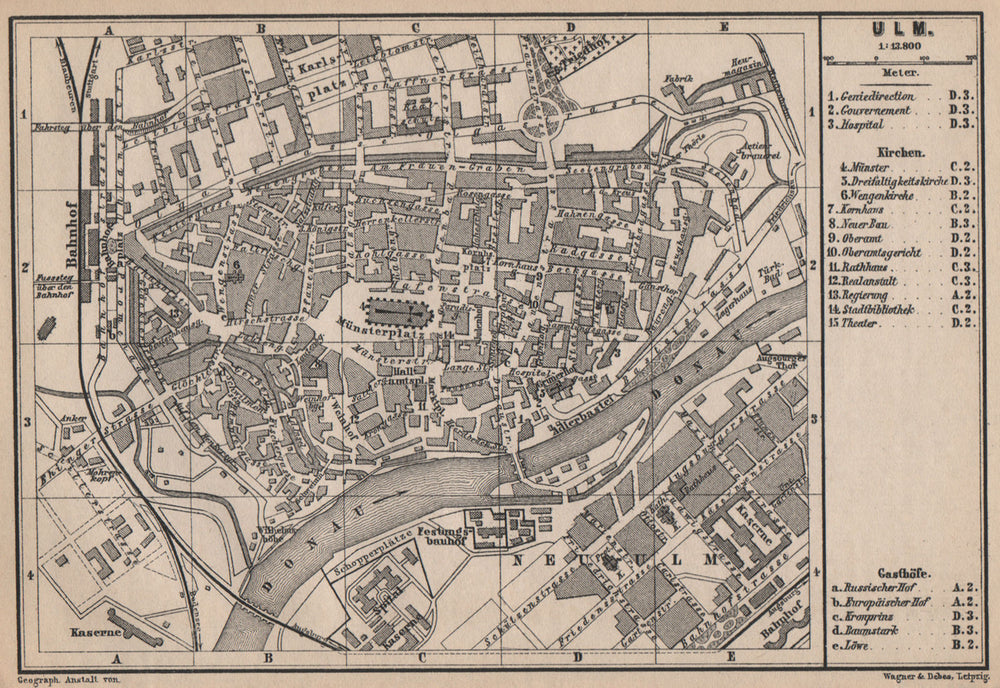 ULM antique town city stadtplan. Baden-Württemberg karte. BAEDEKER 1895 map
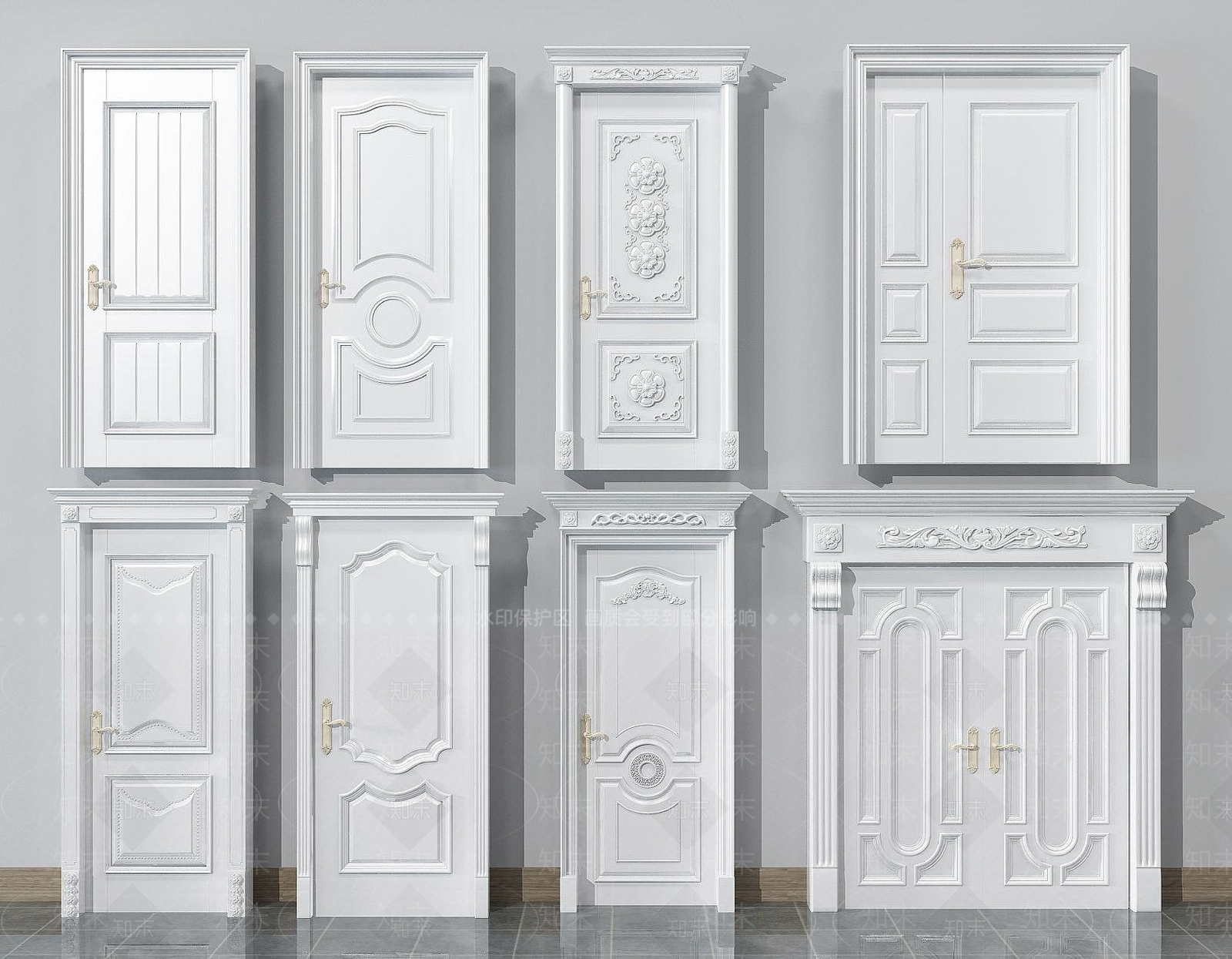 欧式古典欧式木门组合3D模型下载【ID:1192341813】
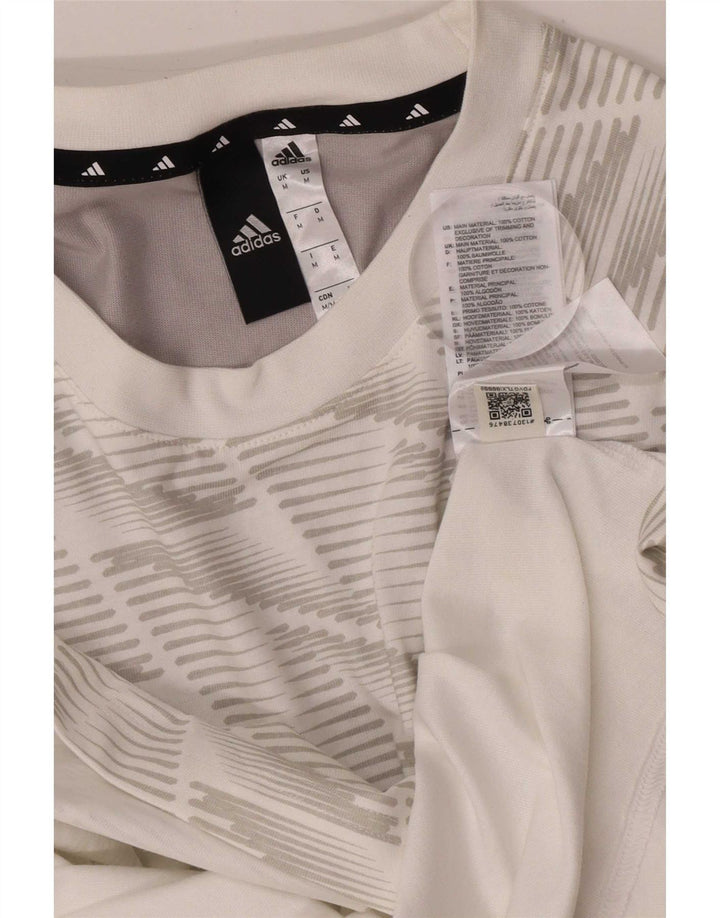 T-shirt da uomo Adidas Top in cotone geometrico bianco medio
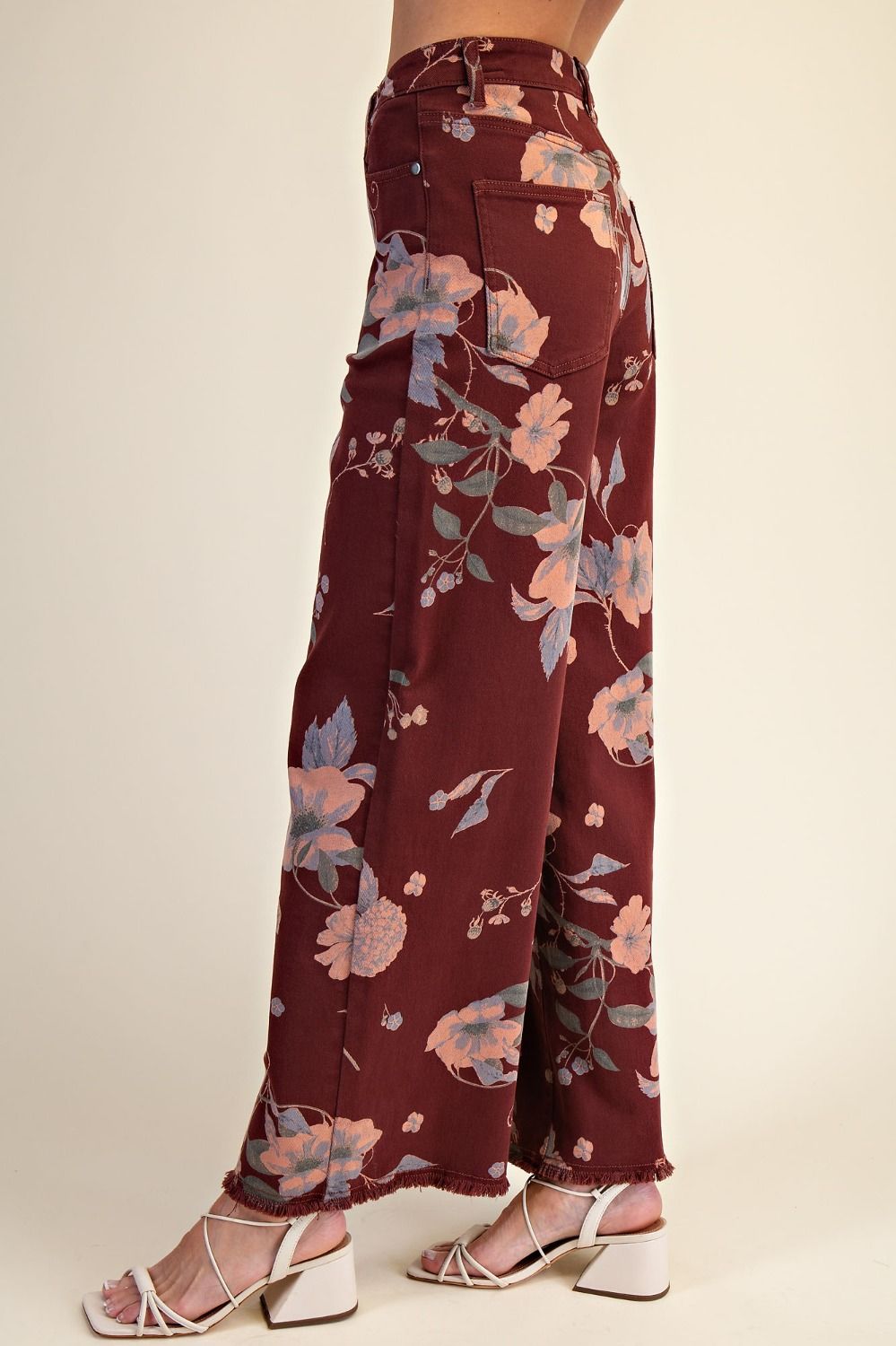 EASEL Floral Printed Soft Stretch Pants Burgundy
###
▶ **About this task**: The listing above should be transcribed word for word, with its pictures left out.

▶ **Reply to the task**:
 ULM antique town city stadtplan. Baden-Württemberg karte. BAEDEKER 1895 map
 欧式古典欧式木门组合3D模型下载【ID:1192341813】
 T-shirt da uomo Adidas Top in cotone geometrico bianco medio
 EASEL Floral Printed Soft Stretch Pants Burgundy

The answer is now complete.